--- Records for this exercise ---

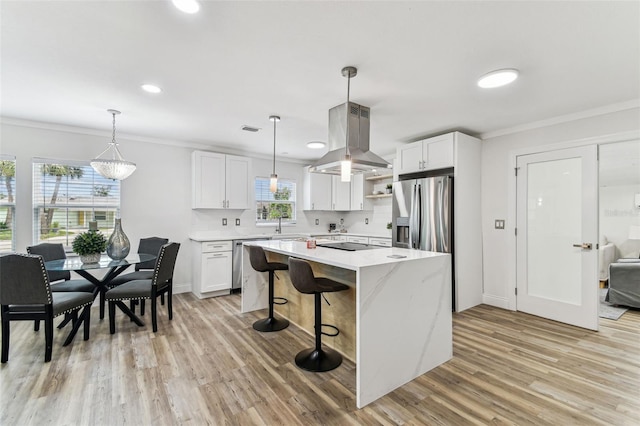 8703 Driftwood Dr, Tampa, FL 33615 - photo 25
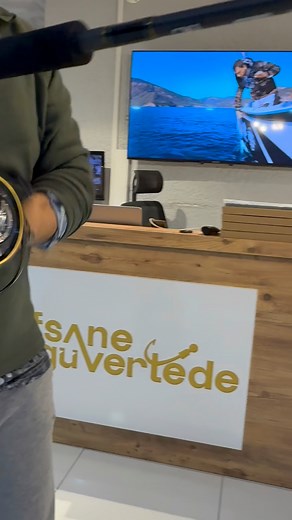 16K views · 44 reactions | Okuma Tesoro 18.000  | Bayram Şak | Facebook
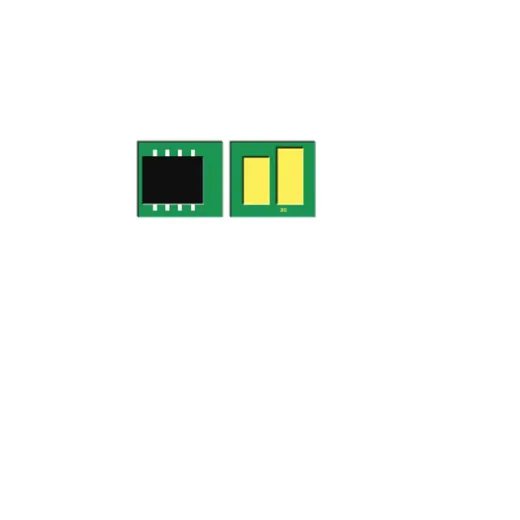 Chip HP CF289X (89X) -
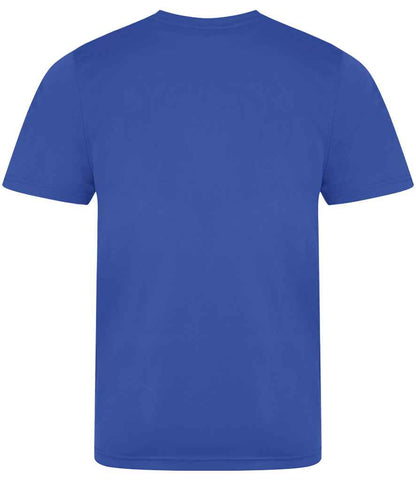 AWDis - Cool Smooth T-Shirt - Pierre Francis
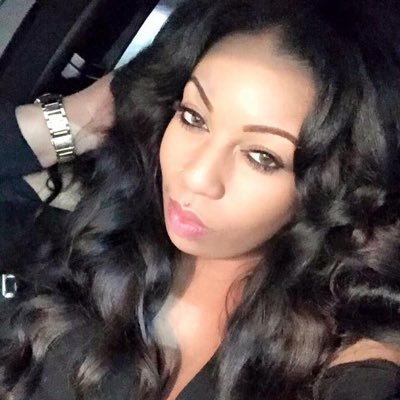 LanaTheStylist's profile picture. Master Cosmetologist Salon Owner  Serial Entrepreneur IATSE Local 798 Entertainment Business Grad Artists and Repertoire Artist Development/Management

---

* Required work: Your reply should restate the data above word for word and contain no pictures.

* Expected answer:
 8703 Driftwood Dr, Tampa, FL 33615 - photo 25
 16K views · 44 reactions | Okuma Tesoro 18.000  | Bayram Şak | Facebook
 Chip HP CF289X (89X) -
 AWDis - Cool Smooth T-Shirt - Pierre Francis
 LanaTheStylist's profile picture. Master Cosmetologist Salon Owner  Serial Entrepreneur IATSE Local 798 Entertainment Business Grad Artists and Repertoire Artist Development/Management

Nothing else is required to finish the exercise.